Top of DATASET

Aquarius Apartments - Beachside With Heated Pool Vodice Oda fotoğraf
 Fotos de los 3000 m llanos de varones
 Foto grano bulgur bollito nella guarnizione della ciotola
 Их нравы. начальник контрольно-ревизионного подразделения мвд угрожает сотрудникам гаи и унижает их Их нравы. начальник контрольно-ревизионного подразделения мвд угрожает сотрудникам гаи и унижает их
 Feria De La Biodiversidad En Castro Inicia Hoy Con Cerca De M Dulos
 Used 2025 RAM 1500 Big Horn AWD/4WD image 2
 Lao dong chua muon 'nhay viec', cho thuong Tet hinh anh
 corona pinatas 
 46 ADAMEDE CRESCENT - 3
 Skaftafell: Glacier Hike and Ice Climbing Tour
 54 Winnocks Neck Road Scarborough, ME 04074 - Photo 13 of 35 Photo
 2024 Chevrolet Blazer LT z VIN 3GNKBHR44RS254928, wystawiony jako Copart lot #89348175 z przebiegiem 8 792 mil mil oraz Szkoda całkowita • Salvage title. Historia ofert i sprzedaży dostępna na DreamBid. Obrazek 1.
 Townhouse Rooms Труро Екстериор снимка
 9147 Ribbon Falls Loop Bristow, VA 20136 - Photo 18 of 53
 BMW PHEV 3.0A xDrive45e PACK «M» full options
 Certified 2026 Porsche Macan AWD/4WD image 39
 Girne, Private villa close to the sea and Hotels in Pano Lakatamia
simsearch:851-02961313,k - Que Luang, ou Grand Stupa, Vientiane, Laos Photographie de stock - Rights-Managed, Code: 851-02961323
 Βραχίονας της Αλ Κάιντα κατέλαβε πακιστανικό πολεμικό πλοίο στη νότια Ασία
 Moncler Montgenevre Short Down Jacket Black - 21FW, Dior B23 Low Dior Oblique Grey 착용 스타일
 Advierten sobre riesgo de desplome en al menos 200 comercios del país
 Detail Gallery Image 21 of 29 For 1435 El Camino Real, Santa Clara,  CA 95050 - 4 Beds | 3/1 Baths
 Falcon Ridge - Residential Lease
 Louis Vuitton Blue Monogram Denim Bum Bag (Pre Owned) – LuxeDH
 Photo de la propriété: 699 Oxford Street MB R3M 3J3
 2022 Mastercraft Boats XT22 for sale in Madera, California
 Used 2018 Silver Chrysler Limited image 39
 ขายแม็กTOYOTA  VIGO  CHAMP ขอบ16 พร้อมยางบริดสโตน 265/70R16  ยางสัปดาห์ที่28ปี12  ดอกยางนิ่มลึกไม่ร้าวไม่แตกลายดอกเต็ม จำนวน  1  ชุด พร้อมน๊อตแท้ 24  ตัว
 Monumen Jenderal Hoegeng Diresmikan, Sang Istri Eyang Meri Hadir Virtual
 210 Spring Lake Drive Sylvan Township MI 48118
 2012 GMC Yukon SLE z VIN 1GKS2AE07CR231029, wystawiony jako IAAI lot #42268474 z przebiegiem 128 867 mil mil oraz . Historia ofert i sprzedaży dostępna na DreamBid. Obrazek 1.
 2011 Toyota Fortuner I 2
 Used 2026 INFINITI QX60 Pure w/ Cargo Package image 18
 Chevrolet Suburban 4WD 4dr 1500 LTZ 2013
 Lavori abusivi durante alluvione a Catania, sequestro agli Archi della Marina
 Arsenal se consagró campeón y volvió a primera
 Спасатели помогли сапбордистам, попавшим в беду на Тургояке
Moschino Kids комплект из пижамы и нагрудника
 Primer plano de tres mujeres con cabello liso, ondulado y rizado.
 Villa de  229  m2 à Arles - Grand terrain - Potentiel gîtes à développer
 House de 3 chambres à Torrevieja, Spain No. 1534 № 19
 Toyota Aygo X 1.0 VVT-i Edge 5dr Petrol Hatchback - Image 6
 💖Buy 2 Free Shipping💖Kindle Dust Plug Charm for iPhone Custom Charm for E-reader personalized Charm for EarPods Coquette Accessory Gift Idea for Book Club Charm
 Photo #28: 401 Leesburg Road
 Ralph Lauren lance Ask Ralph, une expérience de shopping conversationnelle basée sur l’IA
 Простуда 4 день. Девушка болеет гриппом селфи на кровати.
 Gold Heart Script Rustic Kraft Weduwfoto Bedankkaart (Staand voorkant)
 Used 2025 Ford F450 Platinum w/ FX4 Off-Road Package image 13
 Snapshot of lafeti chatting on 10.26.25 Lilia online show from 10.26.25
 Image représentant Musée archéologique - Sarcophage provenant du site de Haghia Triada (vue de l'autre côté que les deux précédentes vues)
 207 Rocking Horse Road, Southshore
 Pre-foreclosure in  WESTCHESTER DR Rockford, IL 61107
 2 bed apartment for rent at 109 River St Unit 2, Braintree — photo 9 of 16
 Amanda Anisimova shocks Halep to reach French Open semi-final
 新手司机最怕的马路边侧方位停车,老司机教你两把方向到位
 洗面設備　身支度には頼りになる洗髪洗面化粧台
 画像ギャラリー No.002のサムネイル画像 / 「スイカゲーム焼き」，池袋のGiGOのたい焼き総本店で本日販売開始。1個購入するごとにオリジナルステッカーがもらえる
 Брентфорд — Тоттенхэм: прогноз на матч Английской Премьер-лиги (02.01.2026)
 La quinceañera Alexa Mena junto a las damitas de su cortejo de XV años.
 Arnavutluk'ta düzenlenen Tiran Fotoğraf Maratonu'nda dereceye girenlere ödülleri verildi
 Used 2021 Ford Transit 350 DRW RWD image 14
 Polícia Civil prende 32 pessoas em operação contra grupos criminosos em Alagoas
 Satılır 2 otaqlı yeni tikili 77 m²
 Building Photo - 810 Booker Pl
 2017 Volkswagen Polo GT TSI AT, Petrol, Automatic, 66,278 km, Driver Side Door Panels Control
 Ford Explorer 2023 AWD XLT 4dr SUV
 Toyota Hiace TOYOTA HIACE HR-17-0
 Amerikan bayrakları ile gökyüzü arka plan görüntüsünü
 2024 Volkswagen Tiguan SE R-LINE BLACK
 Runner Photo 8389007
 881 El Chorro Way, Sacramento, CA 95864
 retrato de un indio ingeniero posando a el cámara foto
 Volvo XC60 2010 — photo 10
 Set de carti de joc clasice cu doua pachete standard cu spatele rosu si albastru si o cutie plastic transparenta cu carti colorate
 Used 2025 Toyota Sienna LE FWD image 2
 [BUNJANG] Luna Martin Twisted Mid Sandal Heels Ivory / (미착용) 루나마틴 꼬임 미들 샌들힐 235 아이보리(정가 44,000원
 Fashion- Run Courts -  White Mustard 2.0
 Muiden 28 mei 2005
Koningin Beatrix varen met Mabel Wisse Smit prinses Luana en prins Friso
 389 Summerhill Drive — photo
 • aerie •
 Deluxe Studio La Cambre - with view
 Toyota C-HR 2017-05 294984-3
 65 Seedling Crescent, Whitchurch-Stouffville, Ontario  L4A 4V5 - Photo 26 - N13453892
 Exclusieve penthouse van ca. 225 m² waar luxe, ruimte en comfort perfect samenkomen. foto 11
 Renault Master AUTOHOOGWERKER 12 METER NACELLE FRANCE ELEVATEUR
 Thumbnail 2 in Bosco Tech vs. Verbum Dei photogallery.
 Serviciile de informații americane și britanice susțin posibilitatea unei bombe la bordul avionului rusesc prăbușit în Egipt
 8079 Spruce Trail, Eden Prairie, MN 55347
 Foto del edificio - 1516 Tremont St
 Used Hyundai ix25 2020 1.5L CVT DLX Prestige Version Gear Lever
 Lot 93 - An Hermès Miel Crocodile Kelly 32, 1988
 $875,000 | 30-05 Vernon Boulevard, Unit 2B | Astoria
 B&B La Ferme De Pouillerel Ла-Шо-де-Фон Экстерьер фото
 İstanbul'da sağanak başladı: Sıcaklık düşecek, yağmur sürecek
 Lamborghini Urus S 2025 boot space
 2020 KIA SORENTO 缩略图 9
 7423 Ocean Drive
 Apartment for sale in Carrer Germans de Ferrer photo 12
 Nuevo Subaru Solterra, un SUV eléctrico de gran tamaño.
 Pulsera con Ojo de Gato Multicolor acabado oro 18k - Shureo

Bottom of DATASET

## WHAT THE EXERCISE ASKS:
Reproduce only the lines running from the one with "7423 Ocean Drive" through the final line of the listing above, both ends included.

## YOUR SOLUTION:
 7423 Ocean Drive
 Apartment for sale in Carrer Germans de Ferrer photo 12
 Nuevo Subaru Solterra, un SUV eléctrico de gran tamaño.
 Pulsera con Ojo de Gato Multicolor acabado oro 18k - Shureo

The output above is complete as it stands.